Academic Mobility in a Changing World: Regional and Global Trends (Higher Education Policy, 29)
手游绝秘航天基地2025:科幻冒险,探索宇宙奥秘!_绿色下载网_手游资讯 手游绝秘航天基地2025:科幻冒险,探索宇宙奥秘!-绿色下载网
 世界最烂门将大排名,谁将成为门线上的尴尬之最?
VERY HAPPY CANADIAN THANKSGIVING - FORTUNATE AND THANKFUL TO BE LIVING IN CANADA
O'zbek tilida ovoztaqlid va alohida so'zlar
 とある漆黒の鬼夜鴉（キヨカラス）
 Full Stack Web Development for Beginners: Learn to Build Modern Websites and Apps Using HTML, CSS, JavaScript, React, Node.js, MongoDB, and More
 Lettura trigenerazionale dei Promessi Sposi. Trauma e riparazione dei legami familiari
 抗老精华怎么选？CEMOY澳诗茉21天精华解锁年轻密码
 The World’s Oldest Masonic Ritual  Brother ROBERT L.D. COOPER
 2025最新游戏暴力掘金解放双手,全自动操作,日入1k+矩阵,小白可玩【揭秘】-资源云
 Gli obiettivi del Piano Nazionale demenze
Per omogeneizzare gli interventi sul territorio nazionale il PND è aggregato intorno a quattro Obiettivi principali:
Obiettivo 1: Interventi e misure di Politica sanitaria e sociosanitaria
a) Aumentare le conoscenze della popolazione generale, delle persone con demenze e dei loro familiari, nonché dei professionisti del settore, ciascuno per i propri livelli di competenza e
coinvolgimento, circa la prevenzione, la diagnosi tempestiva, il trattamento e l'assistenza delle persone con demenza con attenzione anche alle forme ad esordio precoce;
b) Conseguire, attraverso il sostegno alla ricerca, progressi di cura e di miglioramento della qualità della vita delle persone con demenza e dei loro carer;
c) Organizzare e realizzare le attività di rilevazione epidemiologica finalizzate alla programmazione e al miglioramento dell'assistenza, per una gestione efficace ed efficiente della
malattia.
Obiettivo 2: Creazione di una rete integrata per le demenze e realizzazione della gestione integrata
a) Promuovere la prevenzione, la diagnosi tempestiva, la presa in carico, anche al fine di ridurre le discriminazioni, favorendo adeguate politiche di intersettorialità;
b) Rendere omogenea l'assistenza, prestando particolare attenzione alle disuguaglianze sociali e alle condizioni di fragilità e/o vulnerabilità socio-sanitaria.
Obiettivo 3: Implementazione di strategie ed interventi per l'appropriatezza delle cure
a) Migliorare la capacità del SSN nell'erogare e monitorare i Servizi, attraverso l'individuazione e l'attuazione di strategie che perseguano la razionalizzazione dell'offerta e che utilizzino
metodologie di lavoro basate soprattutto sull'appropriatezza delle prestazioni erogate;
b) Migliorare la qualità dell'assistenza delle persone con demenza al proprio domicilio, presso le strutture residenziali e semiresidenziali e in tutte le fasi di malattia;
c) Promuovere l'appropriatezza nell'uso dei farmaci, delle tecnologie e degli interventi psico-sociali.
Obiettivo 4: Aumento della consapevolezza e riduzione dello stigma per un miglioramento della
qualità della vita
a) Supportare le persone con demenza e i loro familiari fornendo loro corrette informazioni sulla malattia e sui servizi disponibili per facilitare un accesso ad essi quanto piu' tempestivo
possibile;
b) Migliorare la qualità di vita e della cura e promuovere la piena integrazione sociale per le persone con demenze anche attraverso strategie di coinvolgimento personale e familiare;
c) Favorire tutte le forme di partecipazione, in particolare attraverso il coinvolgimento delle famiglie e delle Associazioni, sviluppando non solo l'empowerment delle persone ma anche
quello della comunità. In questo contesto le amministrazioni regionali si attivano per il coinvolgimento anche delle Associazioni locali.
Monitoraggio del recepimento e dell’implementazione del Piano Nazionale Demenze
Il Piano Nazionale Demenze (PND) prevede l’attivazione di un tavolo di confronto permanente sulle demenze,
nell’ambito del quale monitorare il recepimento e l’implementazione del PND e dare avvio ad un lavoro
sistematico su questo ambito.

+++

Once you find the line with "Full Stack Web" above, print it and every line after it up to and including the line with "Obiettivo 1: Interventi", exactly as written and nothing else.

 Full Stack Web Development for Beginners: Learn to Build Modern Websites and Apps Using HTML, CSS, JavaScript, React, Node.js, MongoDB, and More
 Lettura trigenerazionale dei Promessi Sposi. Trauma e riparazione dei legami familiari
 抗老精华怎么选？CEMOY澳诗茉21天精华解锁年轻密码
 The World’s Oldest Masonic Ritual  Brother ROBERT L.D. COOPER
 2025最新游戏暴力掘金解放双手,全自动操作,日入1k+矩阵,小白可玩【揭秘】-资源云
 Gli obiettivi del Piano Nazionale demenze
Per omogeneizzare gli interventi sul territorio nazionale il PND è aggregato intorno a quattro Obiettivi principali:
Obiettivo 1: Interventi e misure di Politica sanitaria e sociosanitaria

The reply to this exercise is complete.